Non, parce que ce montant n’a jamais été payé aux prestataires. A
moins que ceux qui l’affirment aient oublié de préciser qu’ils ont
servi leurs amis et leurs coquins. Parce que les intérêts de la
République sont en jeu et en tant que représentant du peuple, je me
dois de dénoncer les abus et les faiblesses qui caractérisent la
gestion des affaires publiques. Et le trou de 150 milliards de Francs
congolais, relevé dans les finances publiques, en est une parfaite
illustration. Sur cette question, si le gouverneur de la Banque
centrale a dit dans la presse qu’« il n’y a pas de trou du tout » et
que « le problème est mal posé », il a tout de même reconnu que, « pour
environ 100 à 120 milliards de Francs congolais, les engagements par
rapport au plan de trésorerie excédaient le fond de caisse ». Il a même
paru optimiste quand il a ajouté que « cette situation a du reste fait
l’objet de discussions avec les experts du Fonds monétaire
international et le malentendu a été dissipé ». Or, le peuple congolais
a appris que les bailleurs bilatéraux de la RDC, regroupés dans le Club
de Paris, ont recalé le gouvernement au cours de leur réunion du
mercredi 18 novembre 2009 à laquelle n’a assisté aucun officiel
congolais. Ils ont plutôt mis en place une commission qui va rencontrer
à Kinshasa le président Joseph Kabila, pour leur donner des assurances
et des garanties avant la prise de décision sur le sort du dossier de
la RDC.

4. N’avez-vous pas le sentiment de marcher à
contre-courant, les députés de la majorité ayant affiché leur
attachement au gouvernement en rejetant la motion de défiance de
l’opposition contre le Premier ministre ?

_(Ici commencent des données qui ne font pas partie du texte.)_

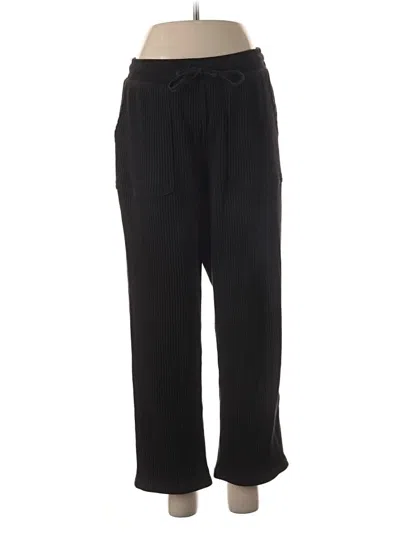 Pre-owned Gap Casual Pants In Black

Non. J’en veux pour preuve un document confectionné par des députés,
parmi lesquels des ténors de la majorité, citant nommément des
ministres qu’ils disent impliqués dans des dossiers qui ont soulevé des
passions en plénières.
Mon seul regret, est celui de voir qu’ils s’expriment sur le tard,
alors qu’ils avaient refusé leur soutien à l’opposition politique dans
le dossier des contrats chinois, notamment.

5. A quoi vous fait penser la coordination souhaitée entre le gouvernement et la BCC ?

Je continue à soutenir que mes propos ont été déformés et mal
interprétés. Je répète avoir vu l’injonction des institutions de Breton
Wood dans la restructuration de la BCC. Je suis d’avis que la présence
imposée d’un conseiller général étranger, Ivoirien en l’occurrence,
dans cette institution monétaire nationale est une intrusion. Il est en
réalité l’oreille et la bouche par laquelle vont tomber les directives
des bailleurs de fonds. Cela ressemble quelque peu au rôle qu’a joué
jadis Blumenthal à l’époque de la BCZ.